Вот так настало счастливейшее время моей жизни! Меня оставили жить при дворце. Оказывается, пока я бродила в подземелье, Аурас, вернувшись в город, посетил дом вышивальщиц и распорядился не отправлять меня в храм Исиды за новый проступок. Когда начальнице доложили, что я и к ночи не вернулась в дом, она лишь покачала головой, но тревогу поднимать не стала. Но когда я не пришла к следующему обеду, она послала сообщение Аурасу, что обеспокоена столь долгим отсутствием воспитанницы, но, возможно, он осведомлен о месте моего пребывания? Тогда Аурас решил, что я попала в беду, и вместе с отцом (боги, у меня язык не поворачивается назвать имя ТОГО, КТО принял во мне столь деятельное участие!) поехал к пирамиде.

И о длительности моего путешествия внутри пирамиды Аурас, разумеется, сказал правду. Что касается отсутствия усталости и чувства голода — сама пирамида питала меня своей внутренней энергией.

…Теперь моя свобода не была стеснена ничем — хотя, понятное дело, я сама хорошо знала рамки дозволенного. Но даже ежедневные часы, посвященные урокам, были столь захватывающе интересны, столь несовместны со скукой и принуждением, что я с нетерпением ждала их. Достаточно сказать лишь то, что нередко проводил их Аурас, а то и сам Трисмегист! Эти уроки-беседы полны были восхитительных открытий и потрясений! Различные науки постигала я с помощью матери Аураса. О, что это была за женщина! В величайшей мудрости своей и обширнейших познаниях она едва ли уступала своему богоравному супругу. А сколько в ней было мягкости и доброты, терпения и любви к людям. При этом она была прекраснейшей из женщин!

И еще я должна сказать, о самом главном, что произошло в моей жизни — я влюбилась. Ты, мой читатель-собеседник, кого интуиция ведет впереди прочитанных строк, уже наверняка знаешь, в ком я готова была раствориться без остатка, забыв все на свете, саму себя и все радости, которыми баловала меня судьба в последнее время. Аурас! Мой возлюбленный! Мое божество, на которое я молилась и кому поклонялась! Сколько счастья дарила мне моя любовь! Но столько же и горя…

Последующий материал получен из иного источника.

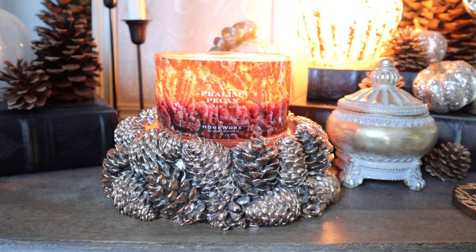Hey guys, it's Melanie, welcome back. I hope you are having a fantastic day. We're going to do some more candle reviews today, and we are kicking it off with Homeworks Praline Pecan. Fun fact: I really thought I had already reviewed this candle because I picked this up for the first time last fall and fell in love with it, and spoke very highly about it in some of my weekly home fragrance roundups.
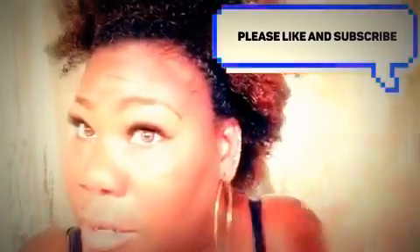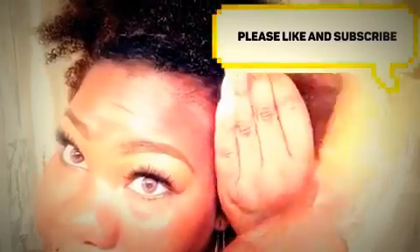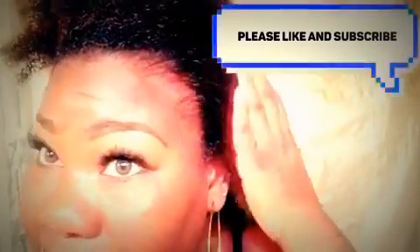I want you guys to let me know your preference. I've already asked on Facebook — the question is what should my next style be: a halo braid, a top knot bun, or a ponytail bun with added hair? I want to show some of the styles you guys have been requesting that I haven't gotten to yet. Let me know which you prefer and I'll do the video tomorrow. Alright, I'm gone — see y'all tomorrow!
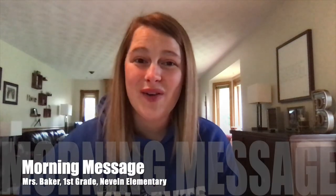Hi first graders! I hope you had a great weekend. Mr. Baker and I were busy outside all weekend working on our new patio for our backyard, and I thought I'd share a little bit about that with you today.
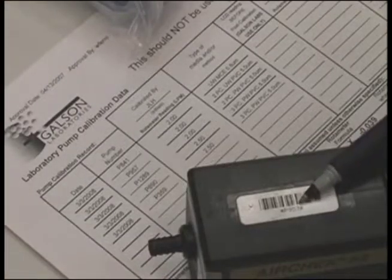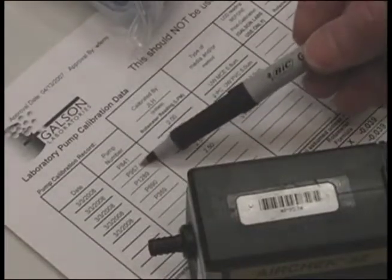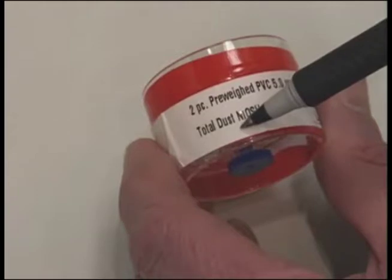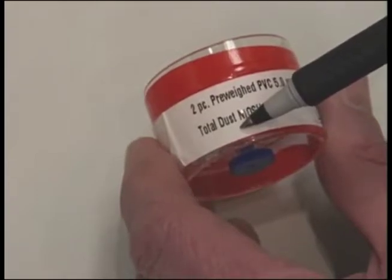All pumps will have a label with the flow rate and type of media to be used. The media will be labeled as to what it is used for, so verify that you know what filters are to be used for what method.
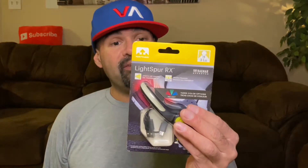What's up YouTube, Israel back with a quick video — got another review for you guys today. We're gonna be talking about this Christmas present I got from my lovely girlfriend. It is the Light Spur RX from the company Nathan.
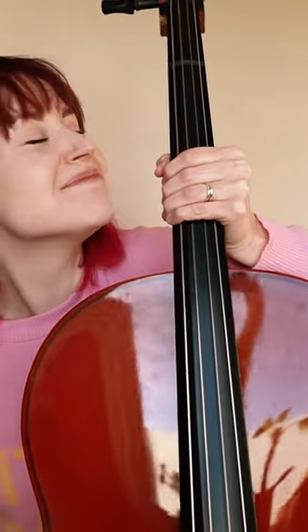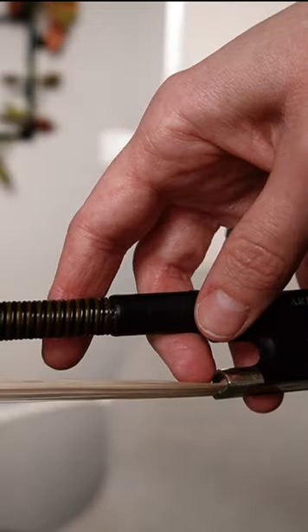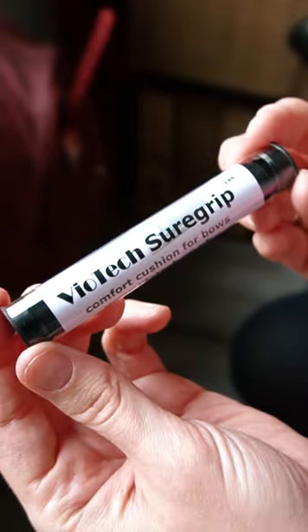I played the violin, but I recently took out the cello. Cello is cool, but the bow hold stings — my thumb keeps slipping and it hurts — so I'm trying something called a bow cushion.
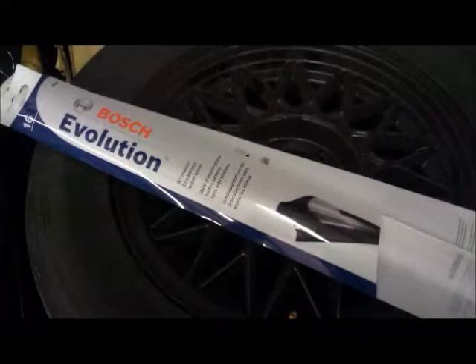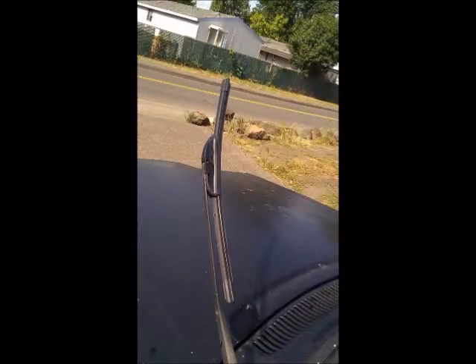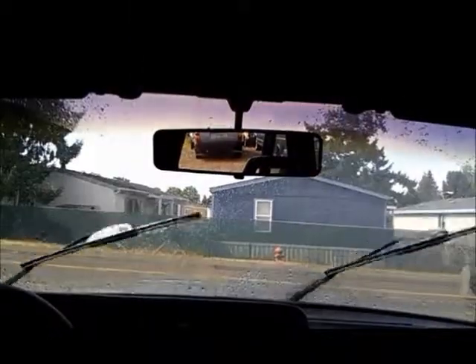Then came the Bosch Evolution wiper blades. These are super easy to install — flip up the clip, pull to the end of the arm with a snap, and the single arm blade will make your windscreen look like new. Much better, no more streaking.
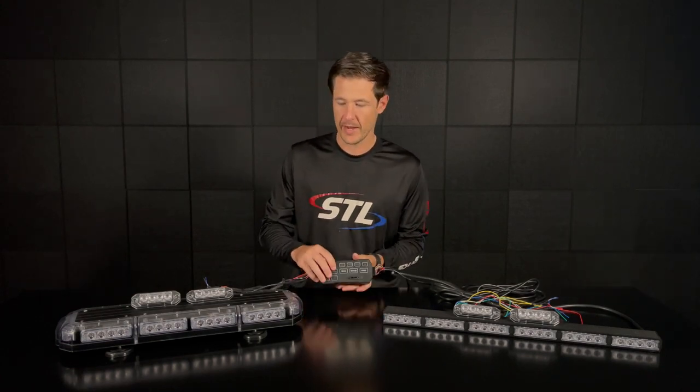How's it going everyone, I'm Andrew with Speedtech Lights and welcome to our episode of Speedtech Spotlight. In this episode I wanted to go over an exterior setup using our Grand Direct control box.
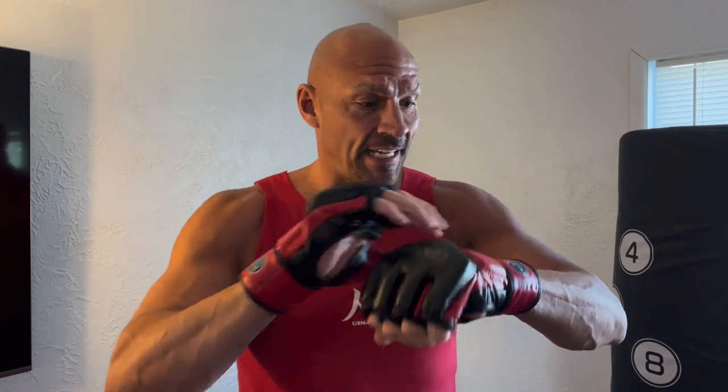Hey guys, Scott here. I've been in martial arts for the last 39 years and I've used a lot of Sentry products. Today we're going to do a quick review of these MMA Drive training gloves by Sentry and I'm going to go through a few things that I really like about them.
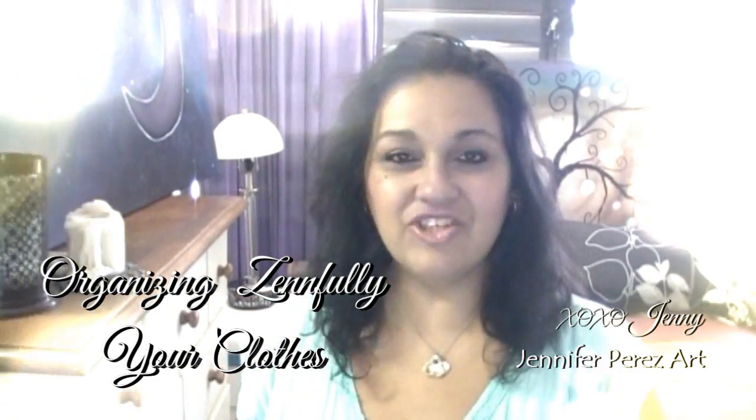Hey guys, it's me Jenny, welcome to my channel Jennifer Perez Art. Today we're going to tackle organizing, making whatever is in your home spark joy. We are now in what I call the fun drawer — and no, it's not costumes! It's the bikini and swimsuit area.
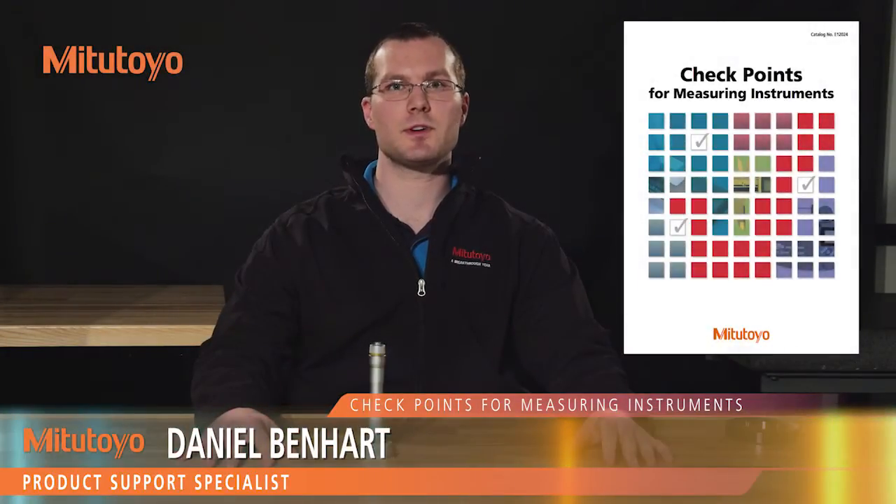I'm Dan Benhart, product support specialist with Mitutoyo America Corporation. In this episode, we'll be talking about the basic use and maintenance of our mechanical hole tests.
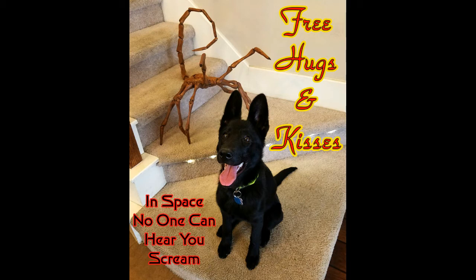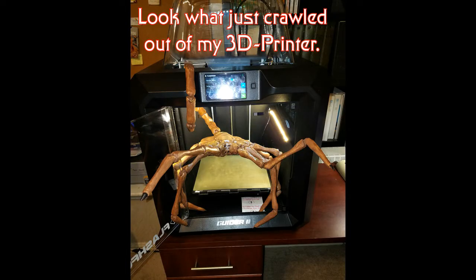Hi, this is Jeff Tragg and this is the Alien Facehugger — free hugs and kisses for everybody. This is from the motion picture Alien 1979. This is my 3D model of the Alien Facehugger, which I printed 50% larger than life-size using PLA plastic, and I printed this on my Flashforge Dreamer 2 printer.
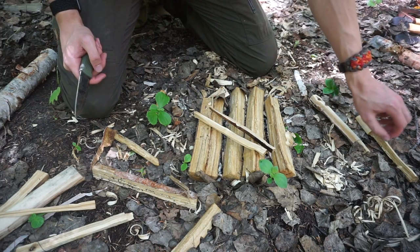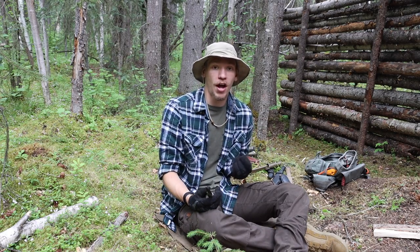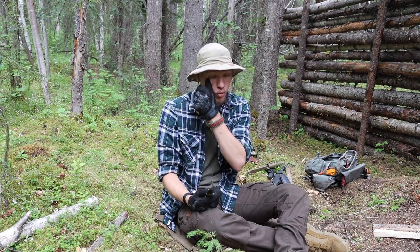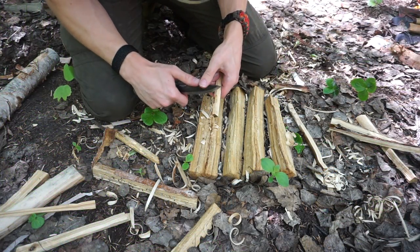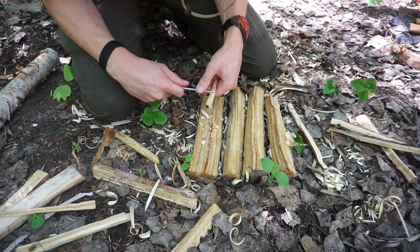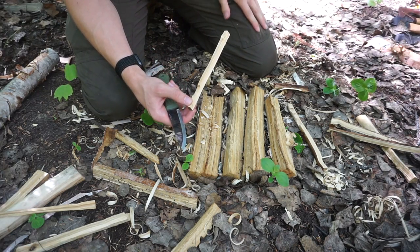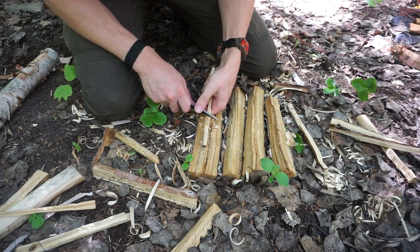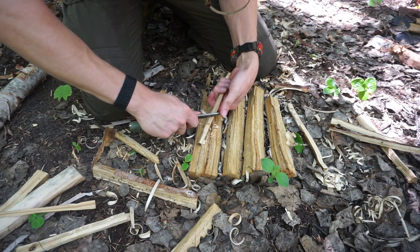The next thing you want to make sure your knife can do is create try sticks and netting needles. You may not ever need a netting needle, but being able to make a try stick or netting needle proves that your skills are good and your knife is capable of fine tasks. Making try sticks involves making a whole bunch of different notches, which may prove useful for creating traps or things around camp like a pot hanger latch or notch.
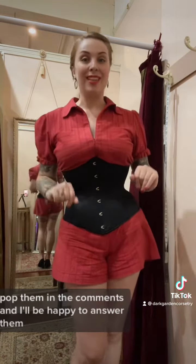Here's today's fit check, and if you have any other corset questions, pop them in the comments and I'll be happy to answer them.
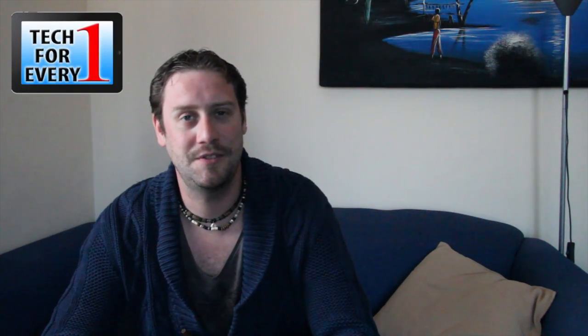Good day and welcome to Tech for Everyone. I'm Gary and today I'm going to be doing another unboxing. I'm not a big fan of unboxings, not entirely sure of their point, but we thought we'd have a look inside this one.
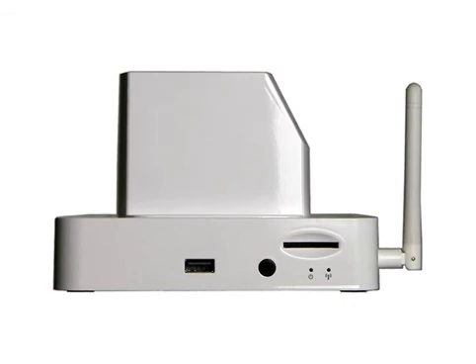On the front of the dock station are the camera cable connection, the SD card slot, the power LED, and the connection LED.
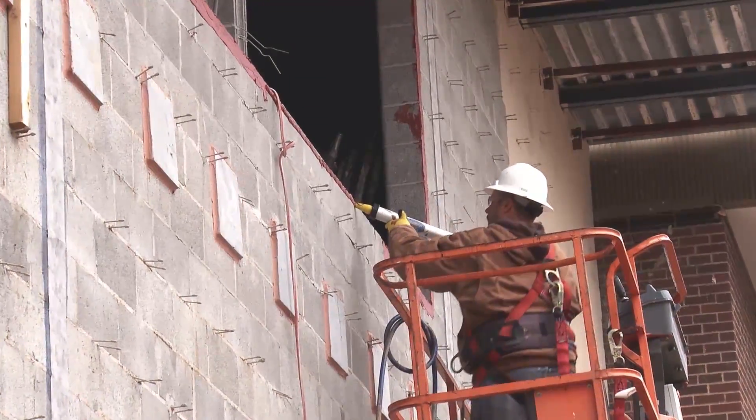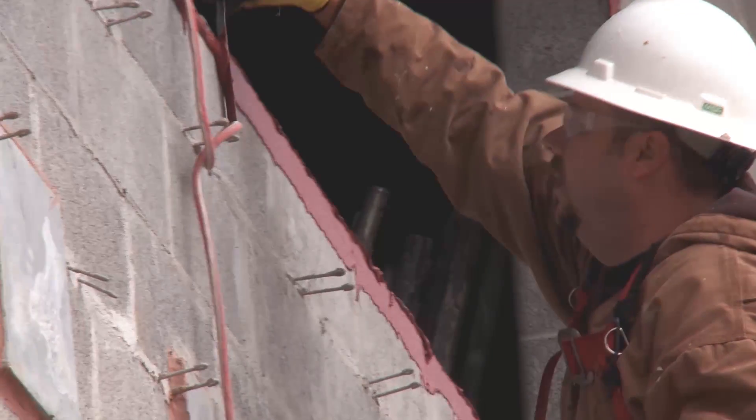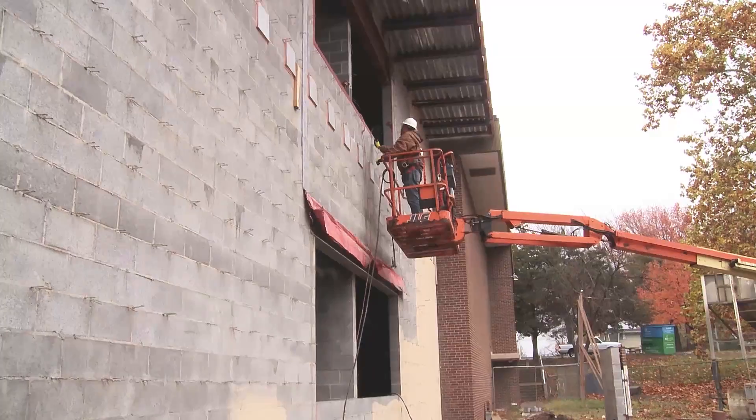I'm talking about their fast flash system. I think it's probably the best flashing system on the market. And if anybody's ever wrapped a window the old way with the tape and then tried fast flash, you'll know exactly what I'm talking about.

То мне казалось, что глаза его совершенно по-особенному выделяют меня среди прочих, вот они ищут меня, вот взгляды наши встретились, и какой теплый свет разливается в его глазах… О, счастье, неси, неси меня на крыльях восторга! Мое сердце готово вырваться из груди, а ноги не достают до земли!..

Но… почему рука его, погладившая меня по голове, столь отечески сдержанна? Почему, порою, он ведет себя так… будто суровые железные удила резко осаживают меня в полете и сбрасывают на землю? Он называет меня «девочка», и я злюсь. Что я для него? Кто? Когда дворец полон прислужниц-красавиц, мечтающих о счастье разделить ложе с Аурасом, сыном Гермеса Трисмегиста. И я признаюсь себе, что соперничаю с ними в таких же мечтах… Но я — «девочка». Он не желает замечать, что я уже не ребенок, я достигла возраста, когда девушку выдают замуж. Ну… почти достигла.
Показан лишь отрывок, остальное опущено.